Auf Szenen wie in Portugal kann es nur eine Antwort geben: Spielabbruch, Suspendierungen, Geisterspiele. Möglich ist das alles, umgesetzt wird es fast nie. Der Fußball muss sich wehren, damit seine Bühne nicht länger vom rechten Pöbel missbraucht wird. Doch das kann nur der Anfang sein. Die Hetzer werden nicht einfach so verschwinden. Sie sind aber auch nicht einfach so gekommen. Seit Jahren schon versuchen sie sich, in den Fanszenen einzunisten. Um so neue Mitglieder zu rekrutieren und eine Masse unter Kontrolle zu bekommen. Fußball ist ein Milliardengeschäft, die Summen, die aber für Fanarbeit ausgegeben werden, sind vergleichsweise mickrig. Gleichwohl sollte damit der Sport auch nicht alleine gelassen werden. Es ist auch die besondere Aufgabe des Staates, dieses Klientel unter intensiver Beobachtung zu halten. Um kein Missverständnis aufkommen zu lassen: Viele Vereine sind schon bemüht und machen Angebote. Um wirklich wirkungsvoll arbeiten zu können, müsste einfach noch mehr investiert werden.

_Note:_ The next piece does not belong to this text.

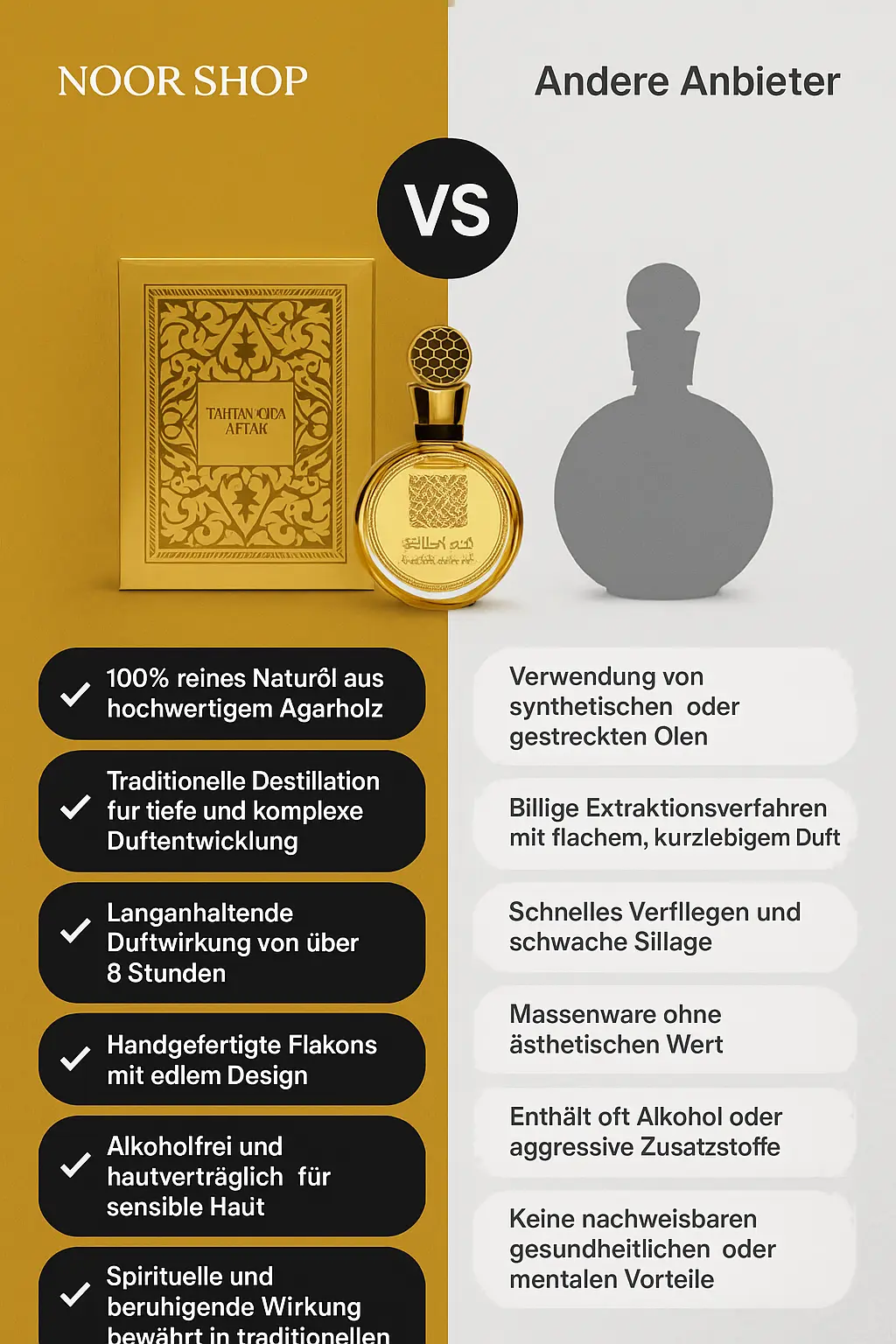 Lattafa Fakhar Gold Eau De Parfum 100ml – Bild 4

In Münster hat sich gezeigt, dass jeder etwas gegen Rassismus im Alltag beitragen kann. Und das es etwas bewirkt. Dass man nicht weghören darf. Egal ob an der Kasse im Supermarkt, beim Kinderarzt, an der Bushaltestelle, im Büro, auf der Kirmes oder eben im Stadion. Rivalität ja, Hass nein. Für die Diskriminierung von anderen gibt es keine Entschuldigung, keine Rechtfertigung. Damit ist nicht nur eine andere Hautfarbe gemeint, sondern auch die sexuelle Ausrichtung oder Religion. Es gibt darauf nur eine Antwort: Null Komma null Toleranz gegen rassistische Krakeeler.